** Dataset excerpts follows **

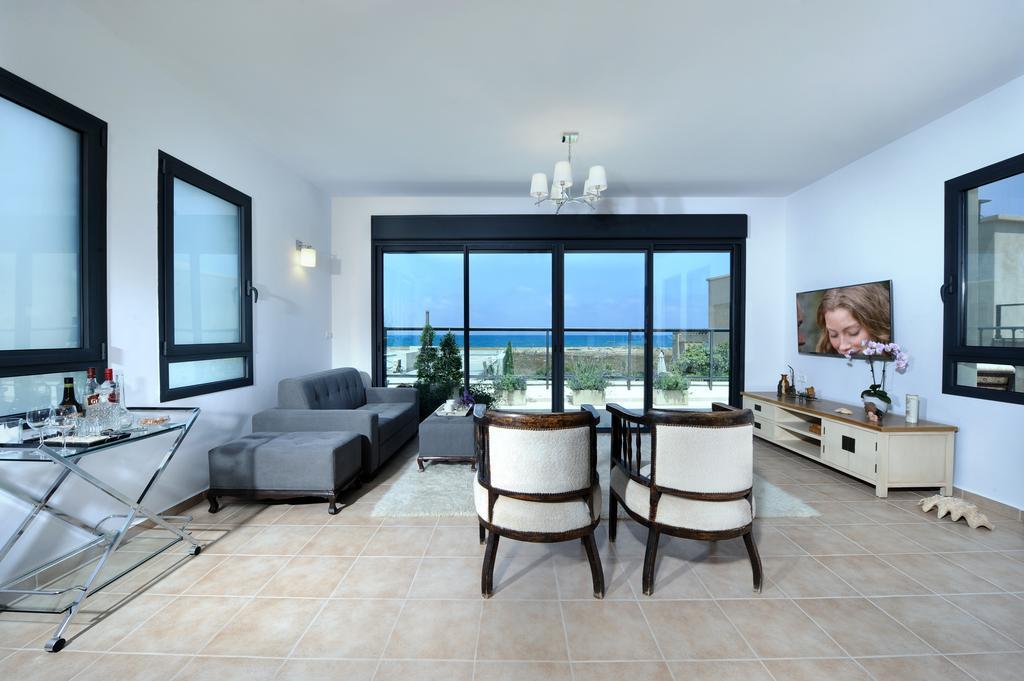 Yamim Suites On The Beach Shavei Tzion Exterior foto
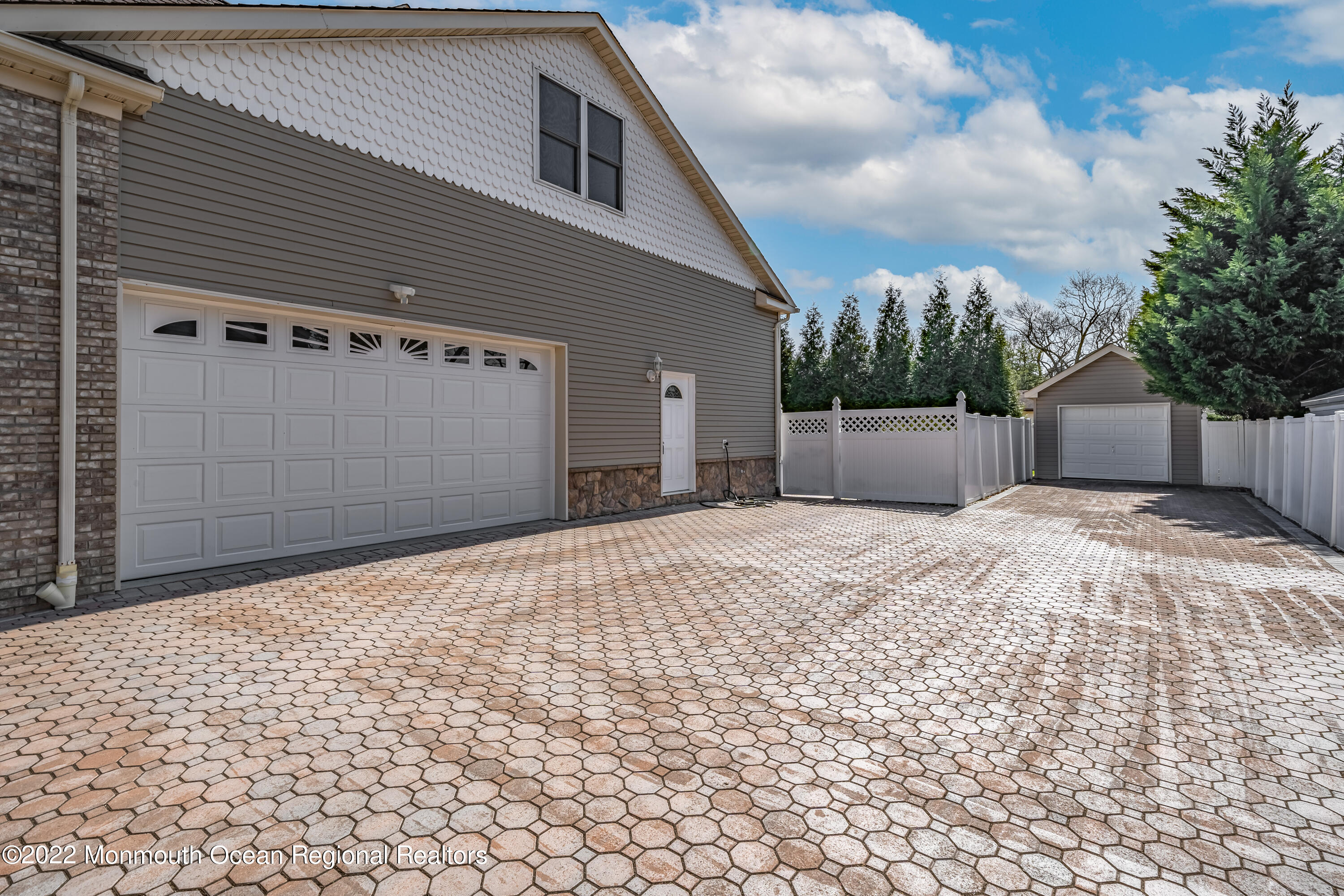 230 Riverside Drive Bayville, NJ 08721 - Photo 4 of 40 4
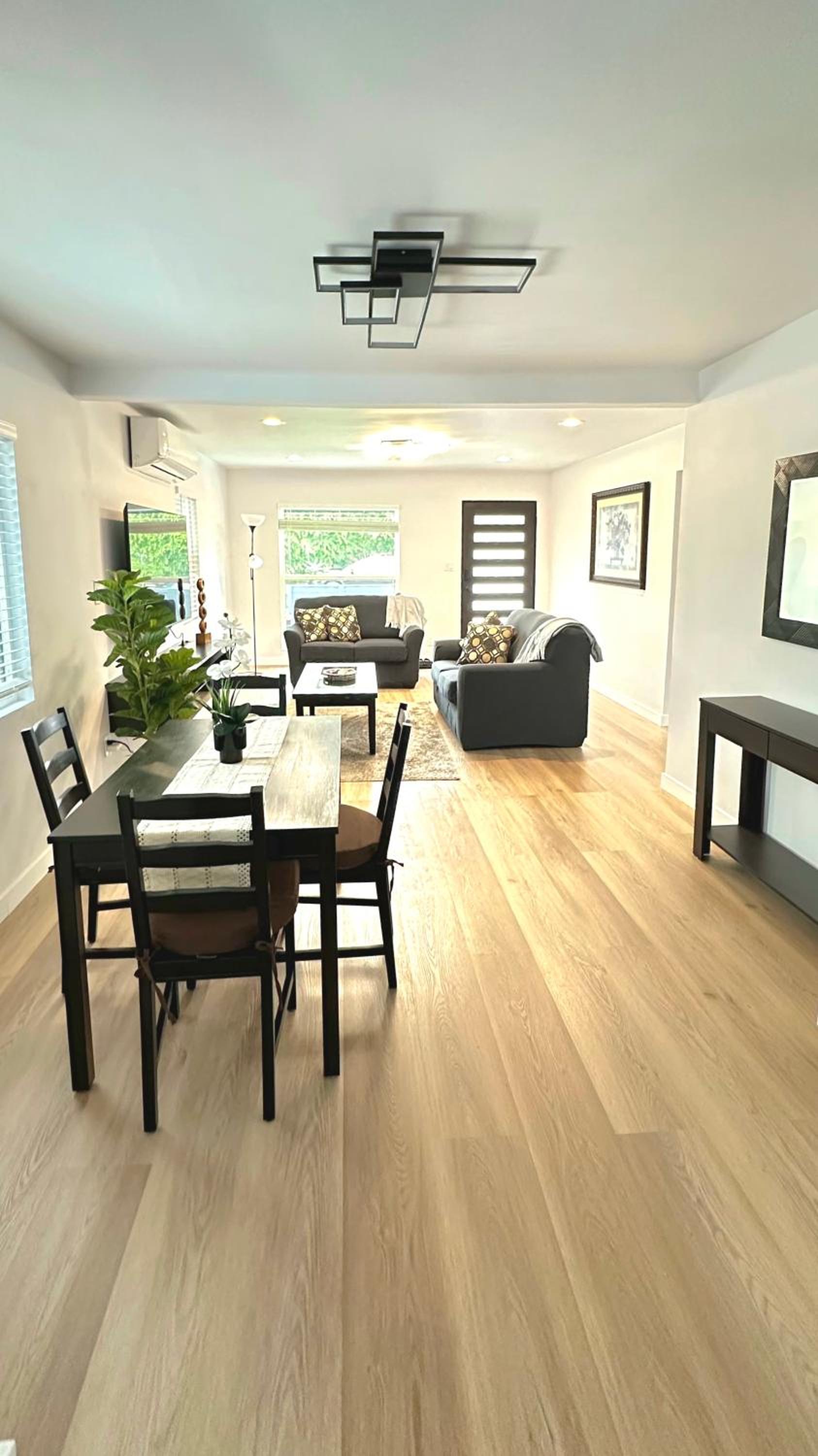 Modern 2BR Stylish & Cozy Unit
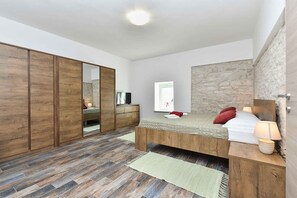 2 bedrooms, iron/ironing board, travel cot, Internet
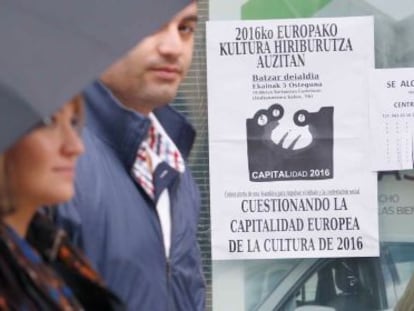 Carteles críticos con la capitalidad europea de la cultura en las calles de San Sebastián.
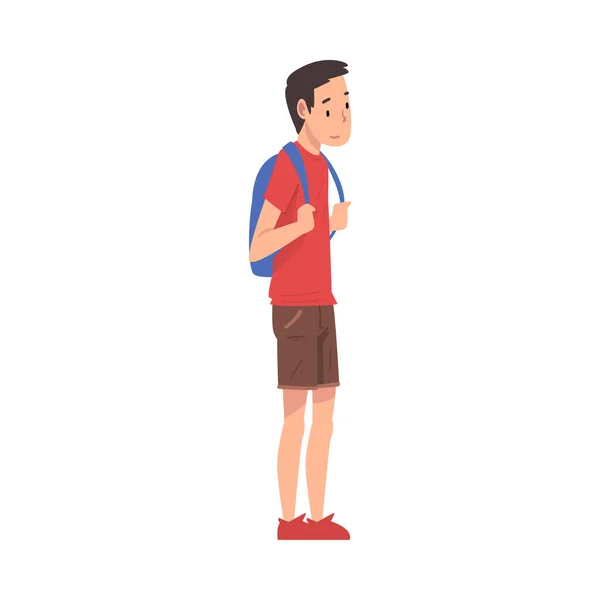 Tiener jongen staande met rugzak, tiener besteedt tijd in verwachting bij bushalte cartoon vector illustratie — Stockvector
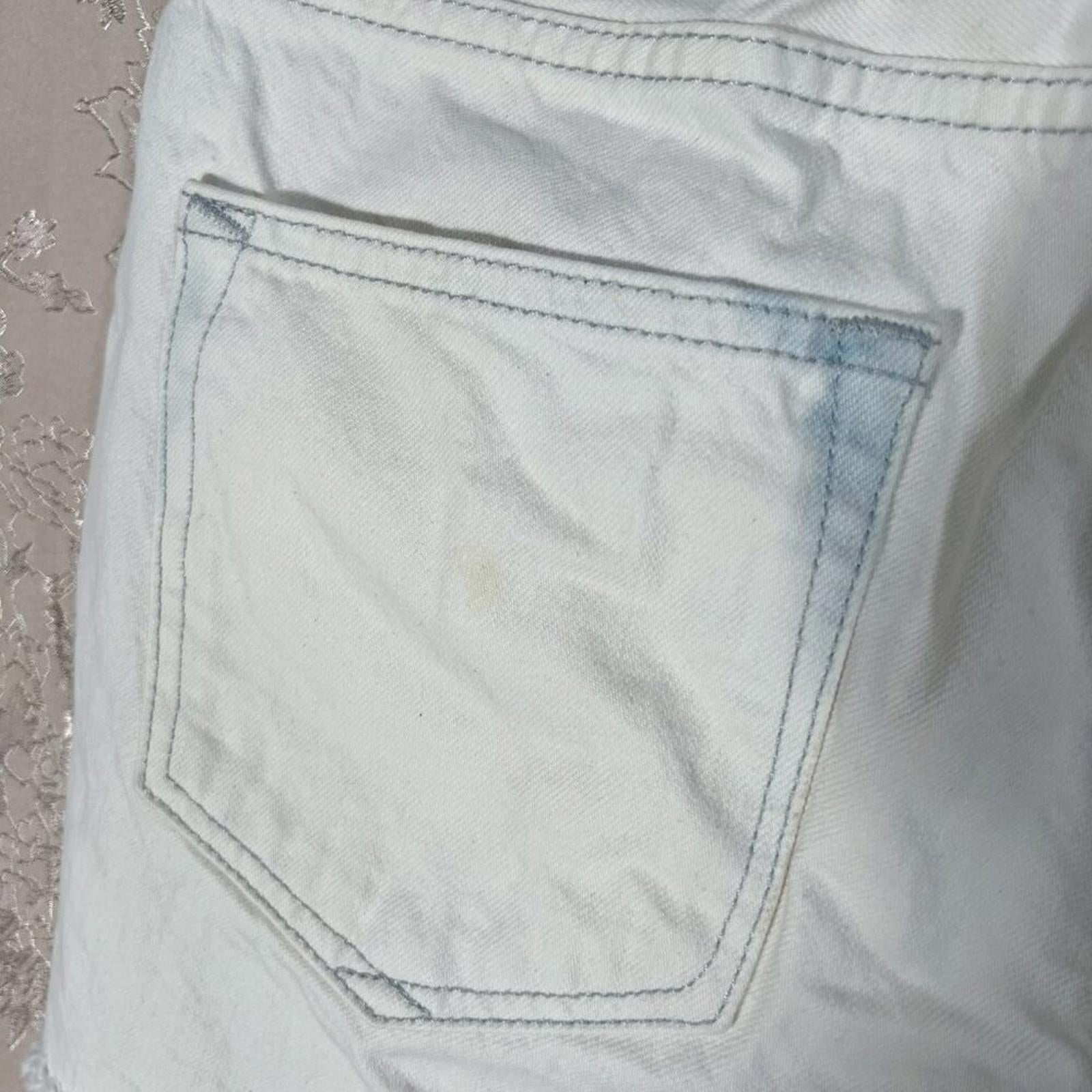 GAP High Rise Slim Cut-Offs Bleached White Denim Shorts Distressed Size 27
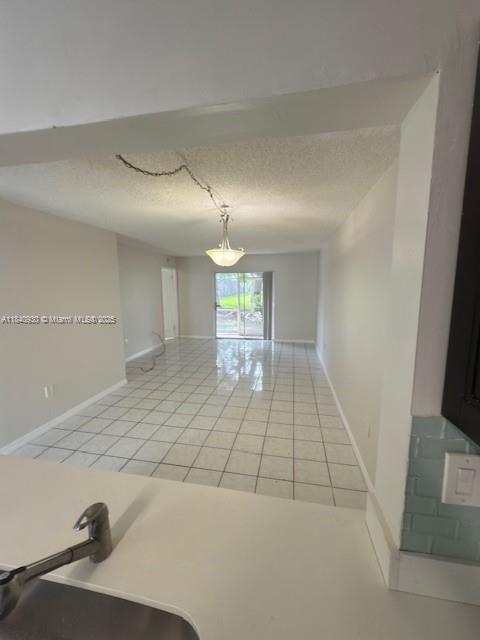 Building Photo - 422 NE 210th Cir Terrace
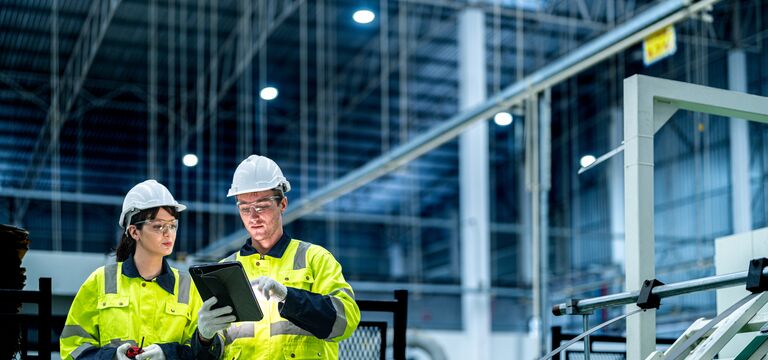 /bynder-asset/bynder:E43E37DF-EB57-4765-BCAA24D9B28DA671/Landscape_MD/COLOUR-IMAGE_Male-female-engineers-tablet_july26.jpg?1782911749000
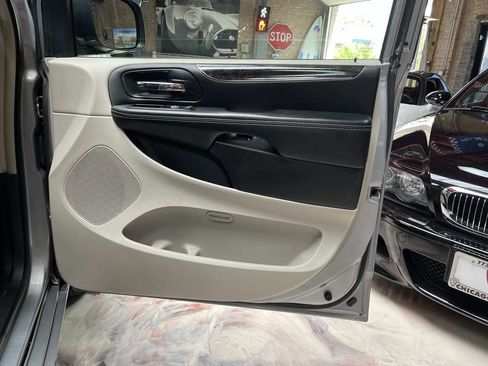 Used 2015 Chrysler Town & Country Limited Platinum FWD image 32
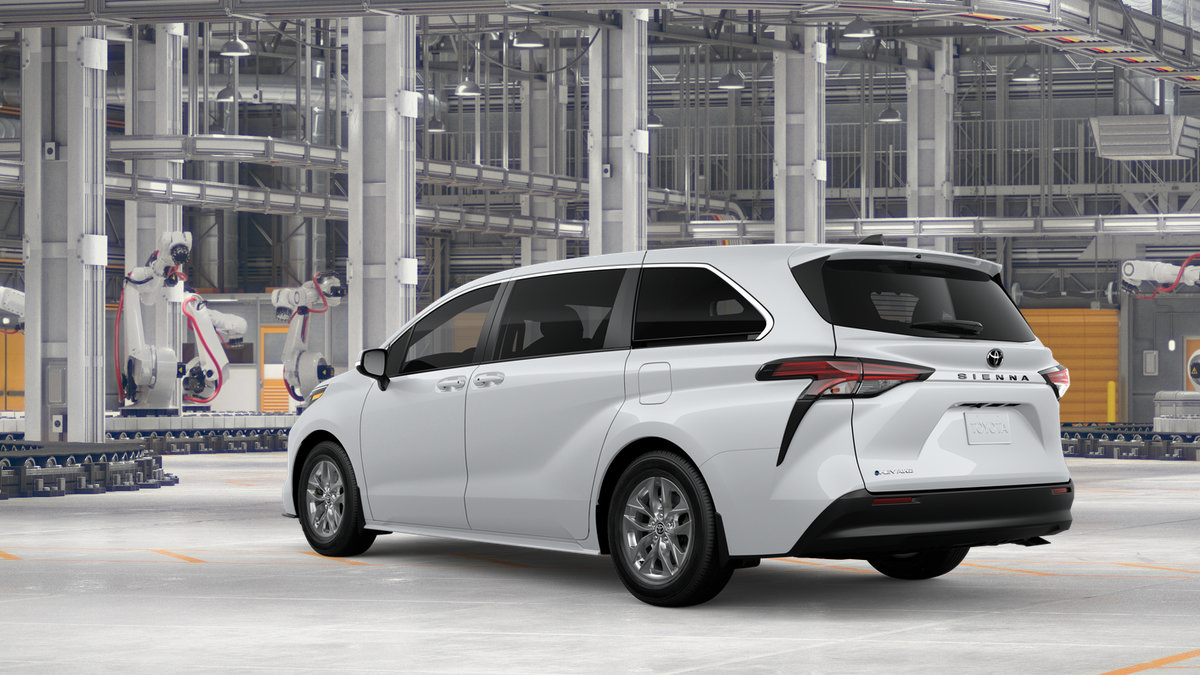 New 2026 Toyota Sienna LE AWD/4WD image 8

** End of Dataset excerpts **

● Requirement: Would you please print the entries once more, word for word, minus the pictures?

● Result of this exercise:
 Yamim Suites On The Beach Shavei Tzion Exterior foto
 230 Riverside Drive Bayville, NJ 08721 - Photo 4 of 40 4
 Modern 2BR Stylish & Cozy Unit
 2 bedrooms, iron/ironing board, travel cot, Internet
 Carteles críticos con la capitalidad europea de la cultura en las calles de San Sebastián.
 Tiener jongen staande met rugzak, tiener besteedt tijd in verwachting bij bushalte cartoon vector illustratie — Stockvector
 GAP High Rise Slim Cut-Offs Bleached White Denim Shorts Distressed Size 27
 Building Photo - 422 NE 210th Cir Terrace
 /bynder-asset/bynder:E43E37DF-EB57-4765-BCAA24D9B28DA671/Landscape_MD/COLOUR-IMAGE_Male-female-engineers-tablet_july26.jpg?1782911749000
 Used 2015 Chrysler Town & Country Limited Platinum FWD image 32
 New 2026 Toyota Sienna LE AWD/4WD image 8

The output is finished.